Secondo l’insegnamento di questa Corte “Il contribuente può impugnare la cartella di pagamento della quale – a causa dell’invalidità della relativa notifica – sia venuto a conoscenza solo attraverso un estratto di ruolo rilasciato su sua richiesta dal concessionario della riscossione; a ciò non osta l’ultima parte del D.Lgs. n. 546 del 1992, art. 19, comma 3, in quanto una lettura costituzionalmente orientata impone di ritenere che l’impugnabilità dell’atto precedente non notificato unitamente all’atto successivo notificato – impugnabilità prevista da tale norma – non costituisca l’unica possibilità di far valere l’invalidità della notifica di un atto del quale il contribuente sia comunque venuto legittimamente a conoscenza e quindi non escluda la possibilità di far valere l’invalidità stessa anche prima, giacchè l’esercizio del diritto alla tutela giurisdizionale non può essere compresso, ritardato, reso più difficile o gravoso, ove non ricorra la stringente necessità di garantire diritti o interessi di pari rilievo, rispetto ai quali si ponga un concreto problema di reciproca limitazione” (Cass. sez. un. n. 19704/15).

Nel caso di specie, il contribuente ha impugnato la proposta di compensazione, D.P.R. n. 602 del 1973, ex art. 28 ter, non per rimettere in discussione la pretesa impositiva, oramai cristallizzata nelle cartelle di pagamento divenute definitive, ma per un fatto nuovo e sopravvenuto, rispetto alla notifica delle stesse, fatto che le renderebbe “invalide”, dovuto al decorso del termine prescrizionale di cinque anni del credito tributario Tarsu, in assenza di atti interruttivi, e ciò sulla base della legge regolativa del tributo (Cass. sez. un. n. 23397/16).
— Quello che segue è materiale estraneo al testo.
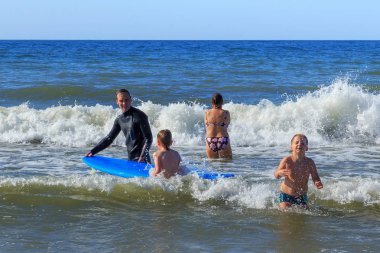 Zelenogradsk, Kaliningrad bölgesi, Rusya Federasyonu - 29 Temmuz 2017: dinlenme ve yaz saati, Baltık Denizi'nin mavi dalgalar üzerinde profesyonel eğitmenler ile sörf öğrenme bilinmeyen çocuk.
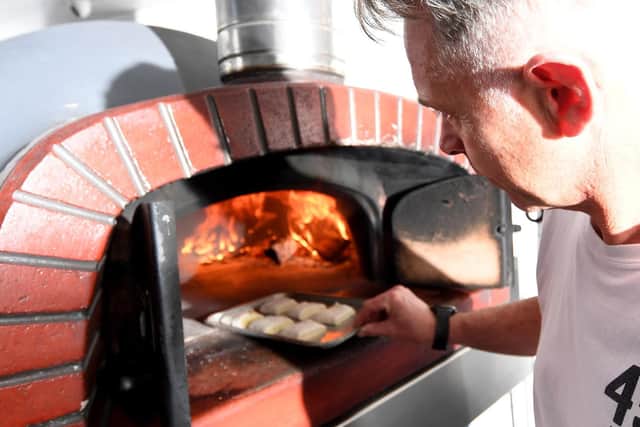 Danny's wood-fired pizzas and dough balls (pictured) are a hit with customers in his hometown and beyond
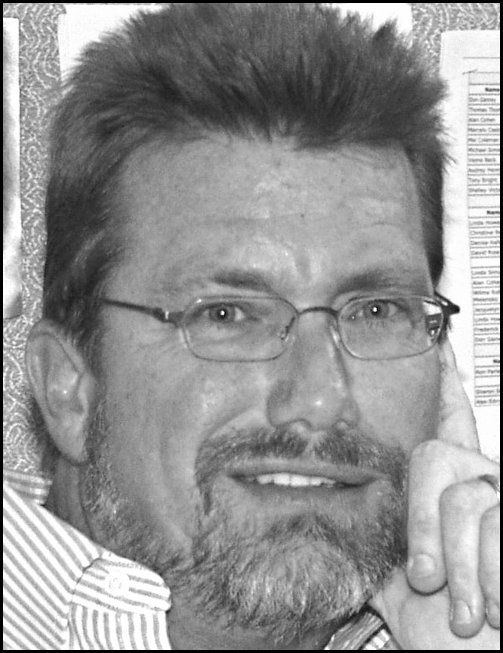 A grayscale head-and-shoulders portrait of an adult person above a block of professional information listing an academic role, university affiliation, mailing address, telephone number, and email, all within a thin rectangular border.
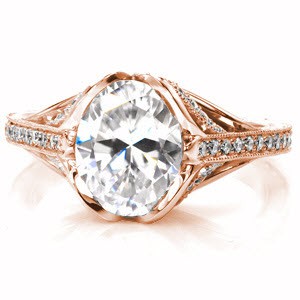 Grand Rapids custom created rose gold engagement ring with antique inspired details including center petal prongs holding an oval center and arching bead set diamonds.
Ebbene, una interpretazione estensiva del principio di diritto sopra enunciato porta a consentire la possibilità d’impugnare il credito iscritto a ruolo portato, nella specie, da una proposta di transazione, la cui mancata accettazione prospetta la ripresa della procedura coattiva, determinando l’interesse all’impugnativa, per una causa d’estinzione del medesimo credito fiscale, al fine di prevenire o anticipare il pregiudizio che deriverebbe dalla prosecuzione dell’azione esecutiva, nel rispetto, beninteso, del termine di 60 giorni dalla notifica della proposta che nella specie, appare rispettato (v. p. 1 del ricorso e p. 1 del controricorso di Equitalia).

La sentenza va, pertanto, cassata e la causa va rinviata alla Commissione tributaria regionale del Lazio, affinchè, alla luce dei principi sopra esposti, riesamini il merito della controversia.

PQM

LA CORTE SUPREMA DI CASSAZIONE

Accoglie il ricorso.

Cassa la sentenza impugnata e rinvia, anche per le spese del presente giudizio di legittimità, alla Commissione tributaria regionale del Lazio, in diversa composizione.

Così deciso in Roma, nella Camera di consiglio, il 14 settembre 2017.